Economists and policymakers continue to debate the technical issues, such as quantitative easing of monetary policy, negative interest rates and other unorthodox measures.
But behind these official downgrades in aggregate growth, more detail is starting to emerge of the factors behind it and where the impacts are hitting hardest. And whether there’s any blue sky appearing.
The latest Bank for International Settlements (BIS) review, for the December quarter and year, showed the slowdown in cross-border banking activity that began in early 2015 broadened in the final quarter of the year.
“Whereas in Q3 2015 this slowdown was most pronounced for interbank activity and lending to emerging market economies (EMEs), in Q4 2015 it spread across sectors, major currencies and regions,” the BIS said.
“Cross-border bank credit to EMEs in aggregate contracted by 8 per cent in the year to end-December 2015, the largest annual rate of contraction since 2009. Claims on China fell by $US114 billion, the largest drop during the quarter.”
This is not just a story about banks, it is a story about the economies to which they lend.
But equally such data show what has happened. For a prospective outlook, American Express surveys global chief financial officers in its annual American Express/CFO Global Business and Spending Monitor.
According to the recent survey, finance executives overall remain cautious around spending and investment decisions due to global economic and political uncertainty. But not without hope.
That echoes IMF and other data however the underlying story is more nuanced and regionally disparate.

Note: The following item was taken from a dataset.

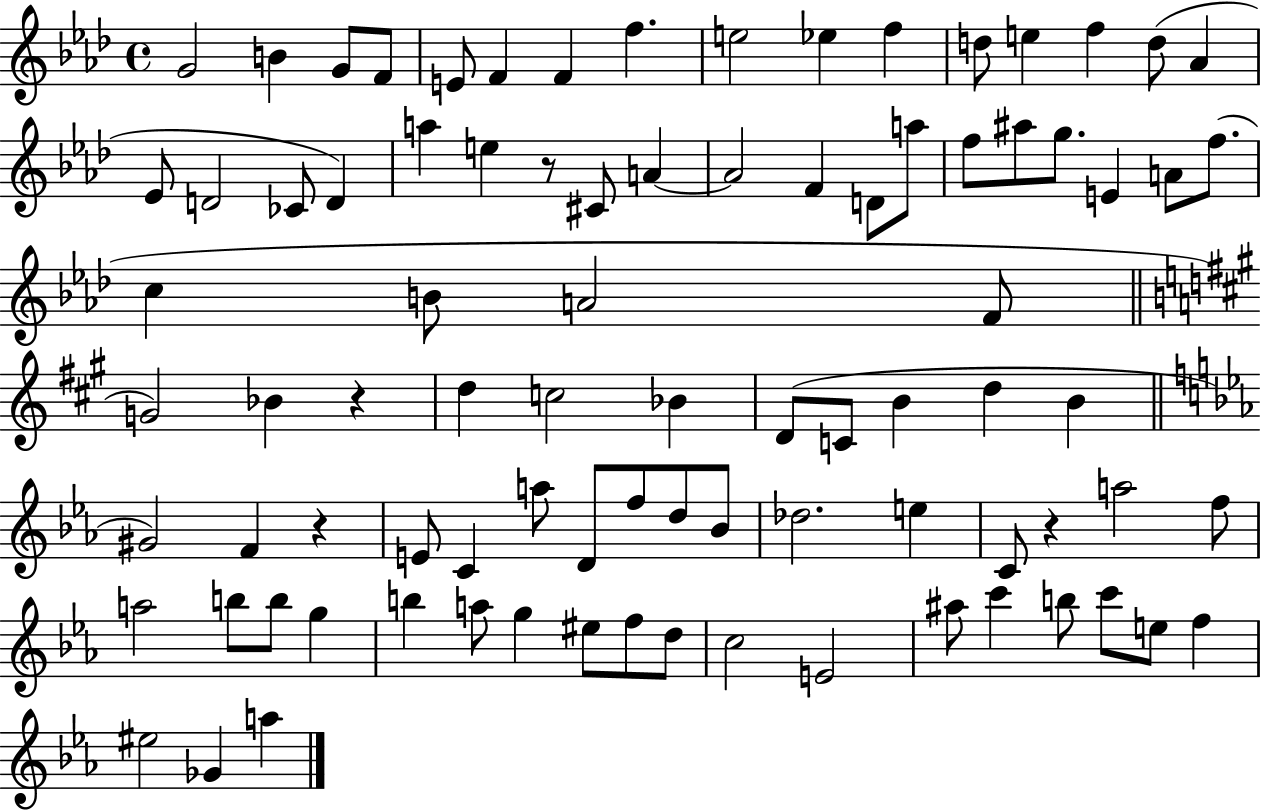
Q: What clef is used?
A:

According to the survey, in aggregate “caution is not necessarily translating into lower spending and investment. It is motivating companies to reduce exposure by focusing more on domestic markets and increasing investment in risk management and security”.

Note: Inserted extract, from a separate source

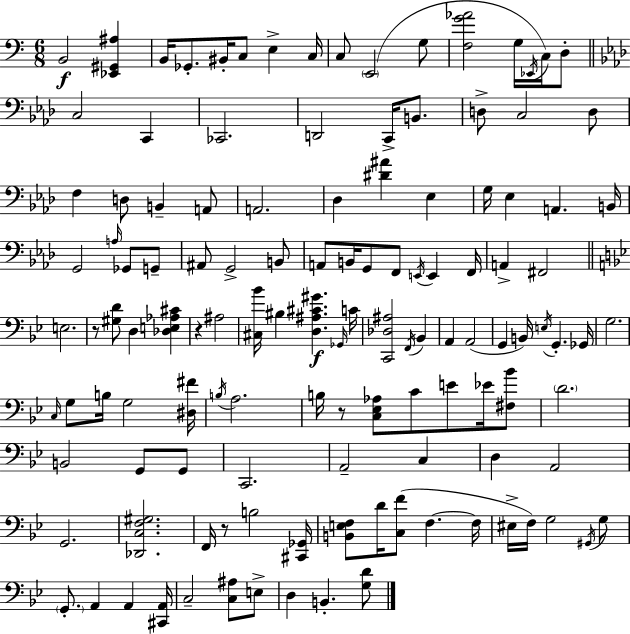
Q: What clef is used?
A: bass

The United States is particularly buoyant with three quarters of respondents (75 per cent) reporting revenue growth over the past year, the highest of any country. In addition, at 73 per cent expect continued economic expansion next year – again the most optimistic.

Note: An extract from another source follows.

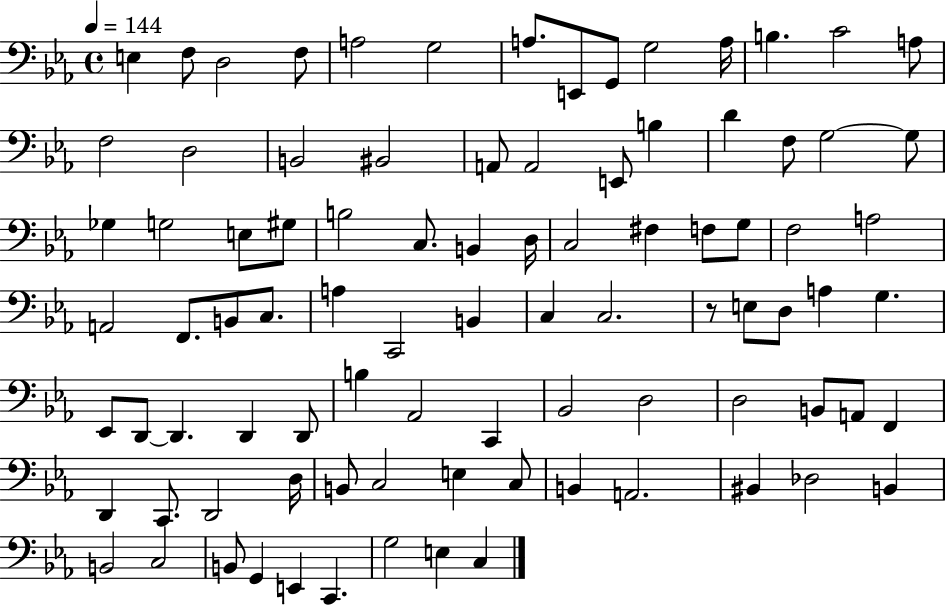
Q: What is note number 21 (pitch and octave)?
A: E2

That contrasted with Latin America where overall growth was anaemic although respondents were still optimistic and planning to spend and invest.
More concerning was Asia, still the engine room of growth and one – relatively – healthy region in the IMF outlook.
Yet according to the Amex survey, respondents from the Asia/Australia region “continue a multi-year trend of lowering expectations for their economies - primarily due to declines in China and Hong Kong.”
The outlook in Europe is neither here nor there.
The insight from the Amex survey into cross-border lending is telling. The most common response from CFOs to uncertainty will be to pull back and focus on domestic markets. In answer to the question “over the next year, is economic or political uncertainty, whether in your country or in other countries, likely to cause your company to take any of the following actions?” the most common response, from 41 per cent, was “increase our focus on domestic markets”.
That was followed by “increase our investment in risk management or security” (39 per cent) and “redirect planned investments from some countries to different countries” (31 per cent).